General Terms and Conditions


§1 Application

(1) These General Term and Conditions (“GTC”) apply exclusively towards persons who act in the exercise of their commercial or individual professional activity (entrepreneur within the meaning of § 14 of the Bürgerliches Gesetzbuch (the “BGB”, German Civil Code), as well as to legal persons under public law and special funds under public law in the sense of § 310 para. 1 BGB. The GTC do not apply towards consumers (“Verbraucher” acc. to § 13 BGB).

(2) All deliveries, services and offers from icotek GmbH & Co. KG are made exclusively under the GTC. These form part of all agreements that icotek GmbH & Co. KG concludes with its contractual partners (hereinafter also referred to as “Customers”) related to deliveries or services by icotek. The GTC also apply to all future deliveries, services or offers to the Customer, even if they are not separately agreed.

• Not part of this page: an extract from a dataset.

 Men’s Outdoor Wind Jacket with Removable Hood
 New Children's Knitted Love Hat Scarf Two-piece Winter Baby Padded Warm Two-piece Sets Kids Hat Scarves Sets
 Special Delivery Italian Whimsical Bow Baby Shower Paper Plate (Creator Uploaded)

(3) Terms and conditions of the Customer or third parties do not apply, even if icotek GmbH & Co. KG does not expressly contradict their validity in individual cases. Even if icotek GmbH & Co. KG refers to a letter that contains or refers to the terms and conditions of the Customer or a third party, this does not constitute agreement with the validity of these terms and conditions.

§2 Offer and Conclusion of Contract

(1) All offers from icotek GmbH & Co. KG are subject to change and non-binding (“invitatio ad offerendum”), unless they have been expressly marked as binding priorly.

(2) The Customer´s orders are qualified as an offer and a contract is only concluded when icotek GmbH & Co. KG accepts an order by the Customer within two weeks from receipt of the order by way of written order confirmation.

(3) For the legal relationship between icotek GmbH & Co. KG and the Customer, the written order confirmation from icotek GmbH & Co. KG, including the GTC, is decisive. These fully reflect all agreements between the contracting parties regarding the subject matter of the contract. Oral commitments made by icotek GmbH & Co. KG before conclusion of the contract are legally non-binding and oral agreements between the contracting parties are substituted by the written contract and the GTC. Deviating agreements and side or additional agreements are only binding upon written confirmation by icotek GmbH & Co. KG.

§3 Offer Documents and Business Secrets

(1) Information provided by icotek GmbH & Co. KG on the subject of the delivery or service (e.g. weights, dimensions, usage values, load capacity, tolerances and technical data) as well as the representations of the same (e.g. drawings and illustrations) are only approximately authoritative and to the extent that usability for the contractually intended purpose does not require exact conformity. They are deemed as descriptions or labels of the delivery or service, not as guaranteed characteristics. Customary deviations and deviations that occur due to legal regulations or represent technical improvements, as well as the replacement of components with equivalent parts, are permitted as long as they do not impair the usability for the contractually intended purpose.

(2) Insofar as icotek GmbH & Co. KG refers to the application and potential use of the delivery item as an example, it is made clear that this is not an assurance of a specific application and potential use of the delivery item. The application and specific of the defect-free delivery item depends on the circumstances of the specific installation environment, which are generally not known to icotek GmbH & Co. KG upon delivery. A specific use is only warranted if this has been expressly agreed in writing in individual cases.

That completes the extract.